== ENTRIES PROVIDED

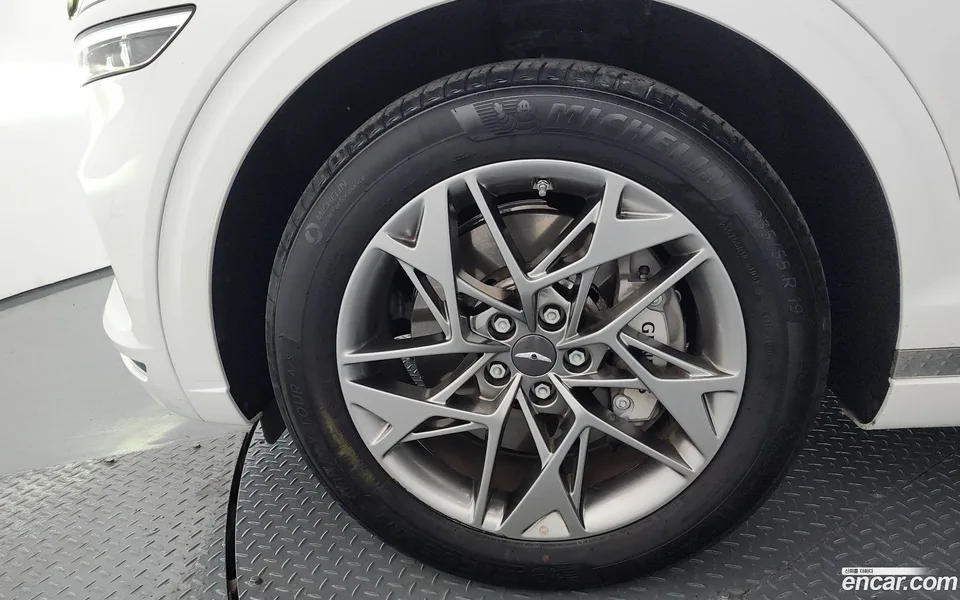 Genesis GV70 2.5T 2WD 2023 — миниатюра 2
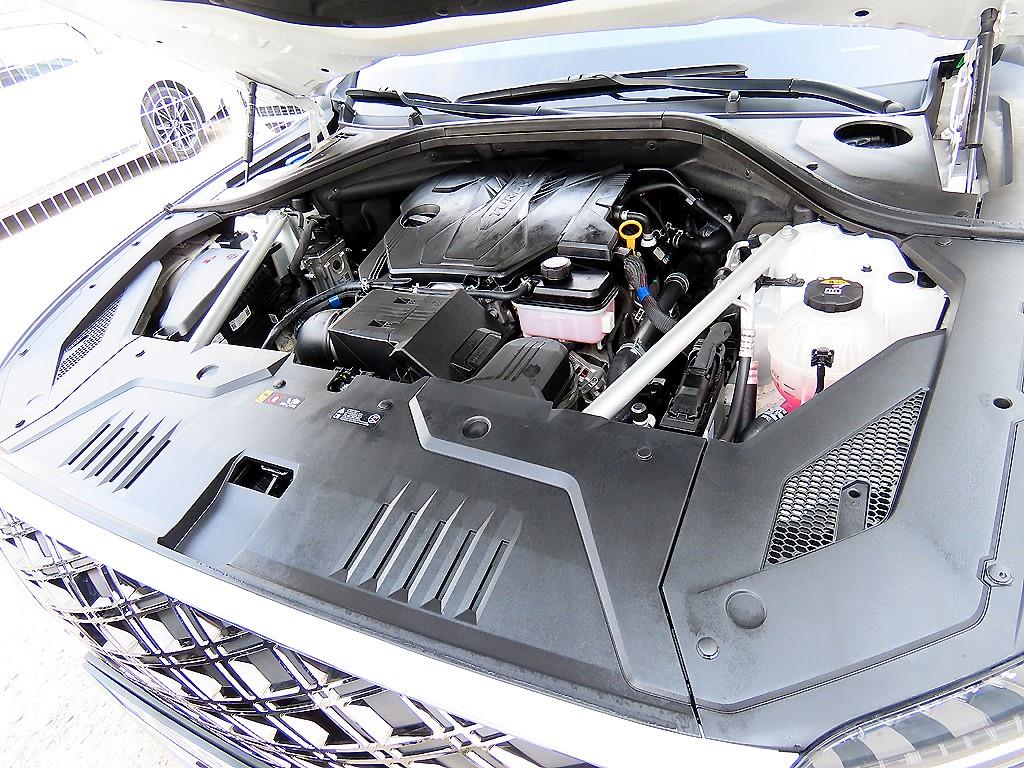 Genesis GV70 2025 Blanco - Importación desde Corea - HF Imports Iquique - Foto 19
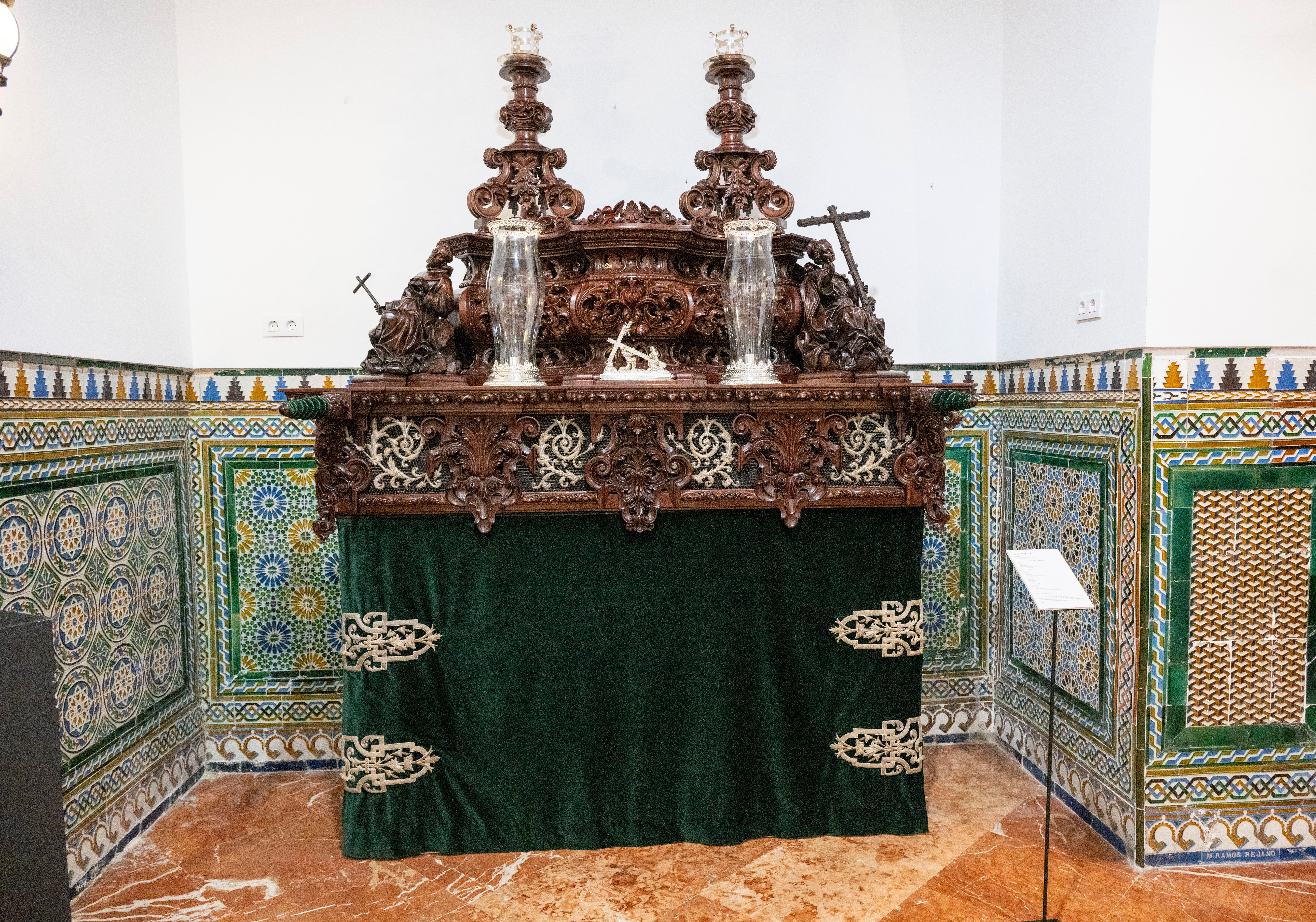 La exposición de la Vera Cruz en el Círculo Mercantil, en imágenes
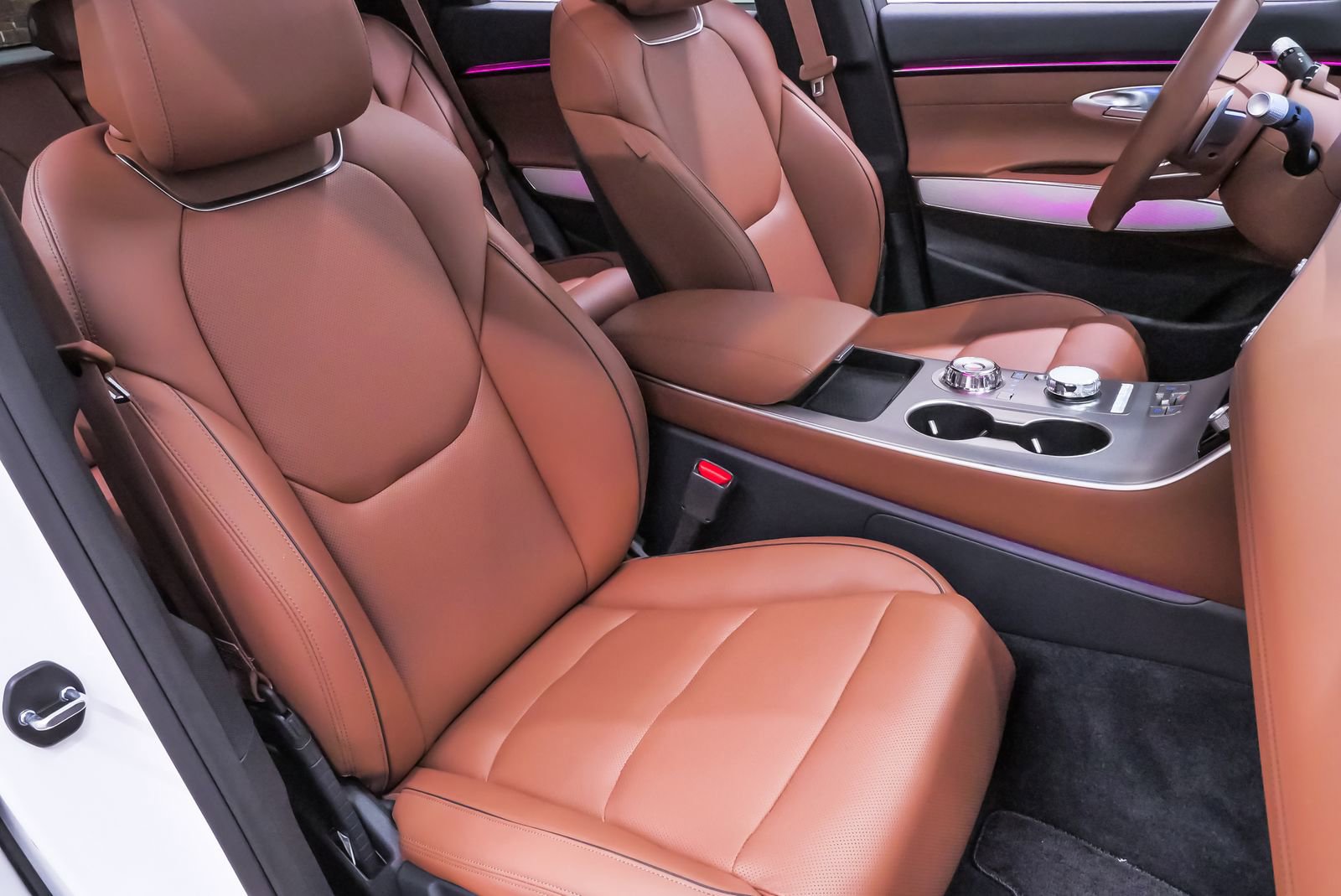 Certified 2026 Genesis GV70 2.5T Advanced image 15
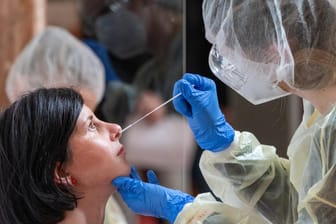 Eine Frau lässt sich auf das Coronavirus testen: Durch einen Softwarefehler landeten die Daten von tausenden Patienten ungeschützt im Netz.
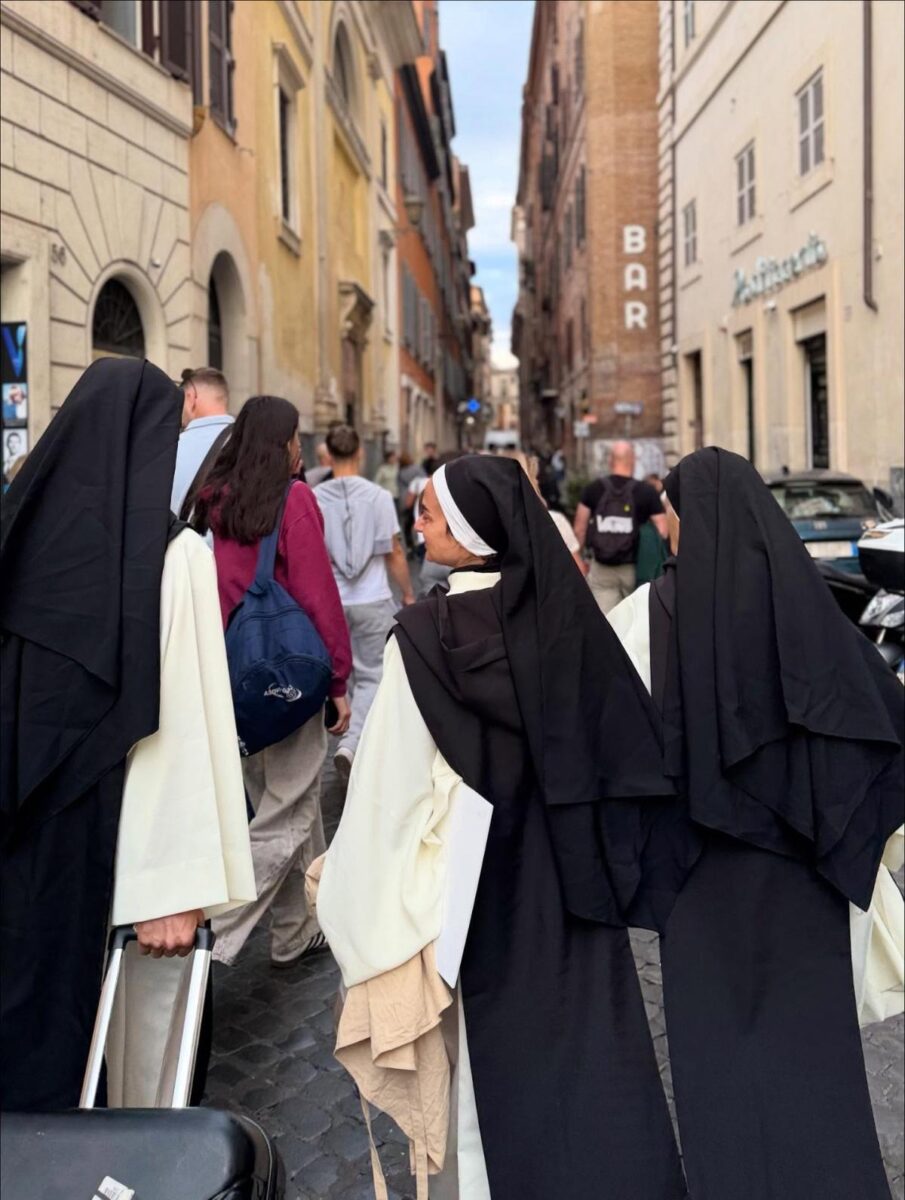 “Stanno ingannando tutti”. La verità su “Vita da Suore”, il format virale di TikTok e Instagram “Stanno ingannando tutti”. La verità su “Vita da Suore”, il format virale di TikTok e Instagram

====

*WORK REQUEST*.
In your copy, omit the pictures and restate every line of the data word for word.

*EXERCISE SOLUTION*.
 Genesis GV70 2.5T 2WD 2023 — миниатюра 2
 Genesis GV70 2025 Blanco - Importación desde Corea - HF Imports Iquique - Foto 19
 La exposición de la Vera Cruz en el Círculo Mercantil, en imágenes
 Certified 2026 Genesis GV70 2.5T Advanced image 15
 Eine Frau lässt sich auf das Coronavirus testen: Durch einen Softwarefehler landeten die Daten von tausenden Patienten ungeschützt im Netz.
 “Stanno ingannando tutti”. La verità su “Vita da Suore”, il format virale di TikTok e Instagram “Stanno ingannando tutti”. La verità su “Vita da Suore”, il format virale di TikTok e Instagram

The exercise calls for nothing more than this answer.